I am afraid I do not have records of the histories of individual vessels. There are now numerous sites devoted to Liberty ships and activites of the merchant marine during the war. This is just a partial listing, to get interested readers started. The SS Jeremiah O'Brien is one of only two surviving Liberty Ships. The other is the SS John W. Brown. This database contains all the Liberty ships produced, in alphabetical order. Several other sites also contain listings of Liberty ships. The value added of this database is that it contains the dates of keel laying, launchings and delivery, as well as the yard and way number where constructed. Michael Denis has developed a new site devoted to the yards at South Portland, ME: Todd-Bath, South Portland Shipbuilding and the New England Shipbuilding Corp. Some very good drawings of the ship design, can be found in this 1994 article by Herbert Adams. For details about those who sailed on the Liberty ships, vist the site of the US Merchant Marines in WWII. Numerous pictures of Liberty ships and their crews can be found at the site of the US Navy Armed Guard WWII Veterans.
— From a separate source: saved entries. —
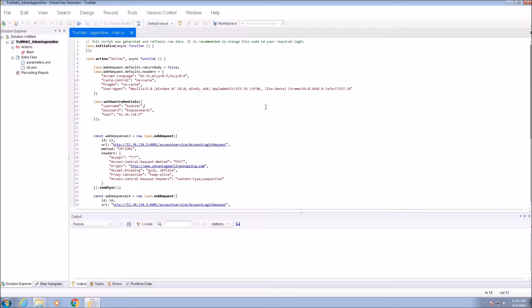Welcome to the sixth session on the MicroFocus TrueWeb protocol. In this video, we will learn how to add parameter data to the script and use the data in the script via the new TrueWeb SDK.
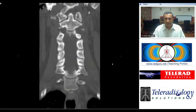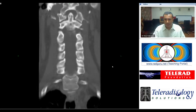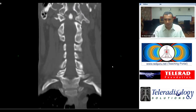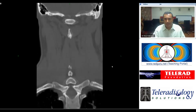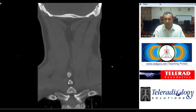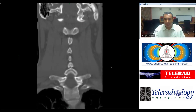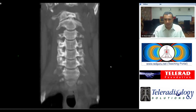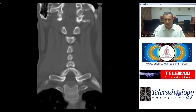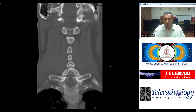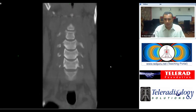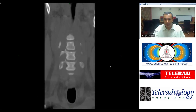This is a CT scan of the cervical spine performed from the emergency room for trauma, which is typically the most common indication for this examination. The purpose of this presentation is to illustrate how important it is to look at all the reformats on cervical spine CT.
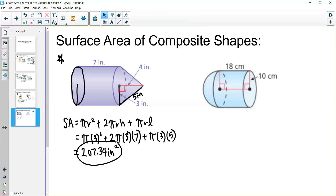Using the Pythagorean theorem lets us find missing distances needed to calculate surface area. The key thing to remember with composite shape surface area is to be aware of which parts are covered and no longer exposed. That is how you find the surface area and volume of composite shapes — feel free to reach out if you have any questions.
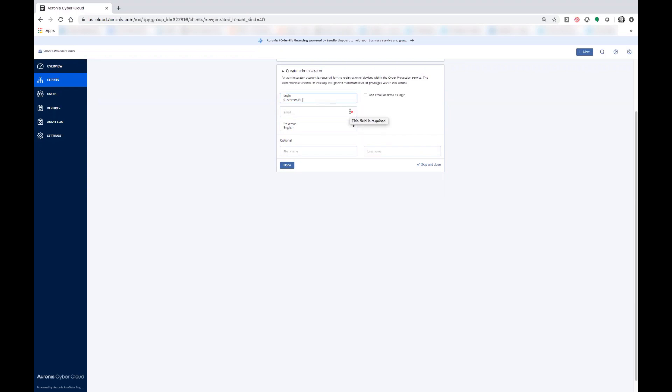And once that email has been received and a password has been created, you'll be logged into the service provider portal where you can start adding systems to protection for that customer. And when that customer backs up to the cloud, it will go to the Azure Blob that you've selected.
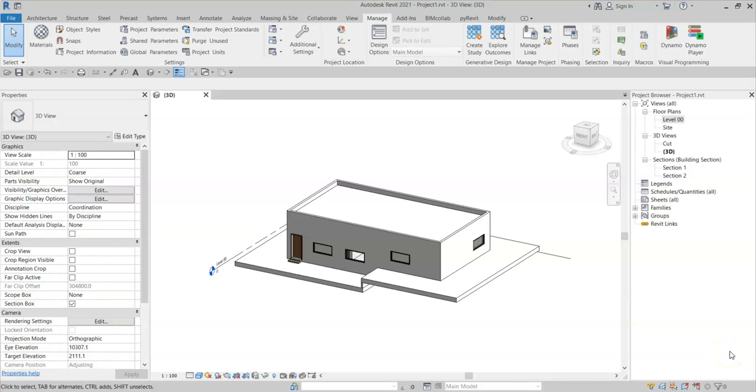In this video, we'll be looking at a property of Revit levels called the computational height.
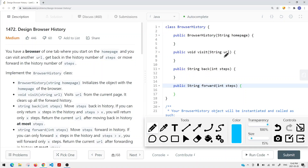In this video, we're going to take a look at a LeetCode problem called Design Browser History. We're given a browser history class and we want to design the following methods. Basically, for Design Browser History, we want to design a browser where we start on the homepage. We can visit another URL, go back in the history a number of steps, and move forward in the history a number of steps — just like in Google Chrome, Firefox, or Internet Explorer. We want to implement the Browser History class.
A short memoir of a Liberty commander has been written by the late Captain Charles A. Jarvis. You can also find plenty of information about WWII tankers at the T2 Tanker Page. Greg Hayden has a very nice merchant marine page with much related material. A useful article on researching individual WWII ships was written by Theron Snell. 
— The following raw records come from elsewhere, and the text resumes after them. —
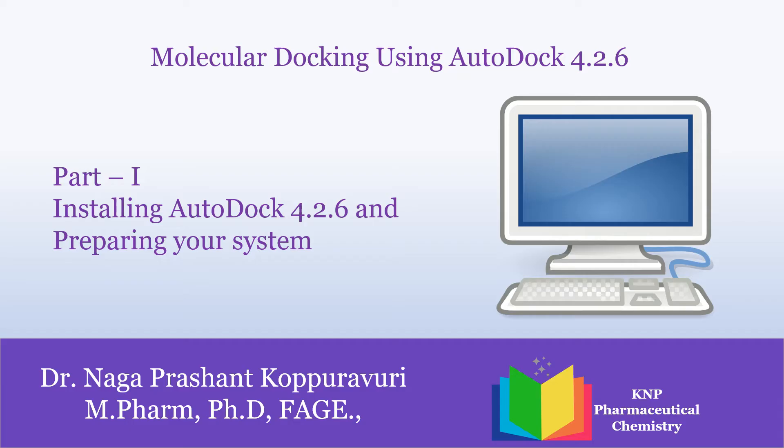In our part 1, I am going to discuss how to install AutoDock 4.2.6. Before we use AutoDock 4.2.6, we have to prepare our system like we need to copy few files from installation folder and paste them in our final working folder. In this tutorial, that is in part 1, we are going to see all these like installing and preparing our system.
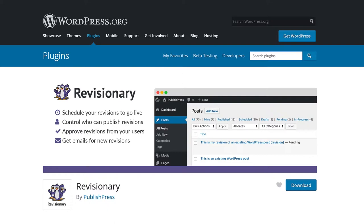One example might be you have a post saying 'we have the best WordPress plugins for 2019,' but you can create a revision saying 'best WordPress plugins for 2020' that will go live automatically on January 1st, 2020.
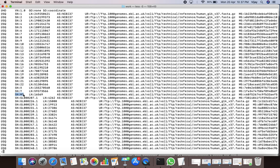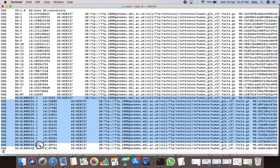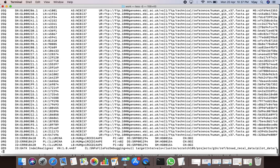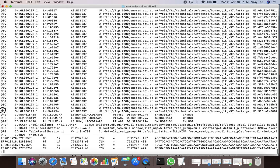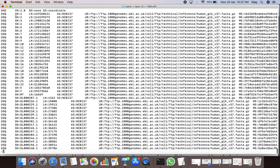Mitochondrial chromosomes were also used as a reference sequence to align read sequences. In addition to this, there were several other sequences used in this example as a reference sequence. The SN tag value is 1 for this particular line, indicating the name of the reference sequence is 1, representing the first chromosome.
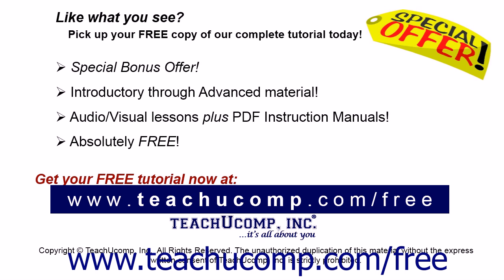Like what you see? Pick up your free copy of the complete tutorial at www.teachucomp.com/free.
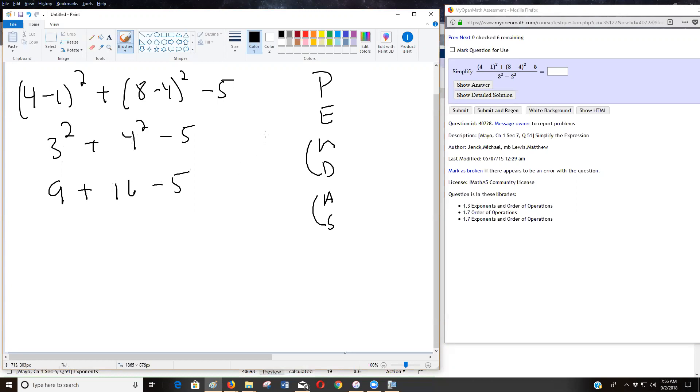Now we're going to go all the way back to the beginning, do my addition subtraction. Nine plus 16 is 25 minus five is 20. So that's the numerator. So I know it's 20 over something.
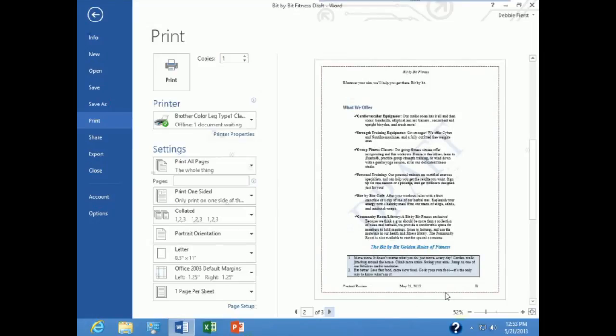So that is how easy it is to modify an existing header and footer. Just double click in the header or footer area to put yourself into that mode, make your editing changes and you are all done.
In 1943, most of the Liberty yards began producing Victory ships, a larger and faster freighter, with an eye to producing vessels that would retain commercial value after the war. One of these, the SS Lane Victory Ship has been restored. There are at least four other ships in the process of restoration.
Conventional wisdom has it that the Liberty ship was the first mass produced ship using prefabrication. Not so. Numerous yards were constructing prefabricated ships during World War I. The most famous is the Hog Island type.
Researchers interested in the fracture problem of Liberty ships might like to be aware of the following collection at the Mariners Museum, Newport News, VA: "Documents relating to US Merchant Marine," presented to the Mariners' Museum by James E. Moss, 1964. Section 5, boxes 4-6, "The Welded Ship in WWII", contains reports and analysis covering the period 1941-1956. This is probably the most extensive single collection of materials relating to the welding problem.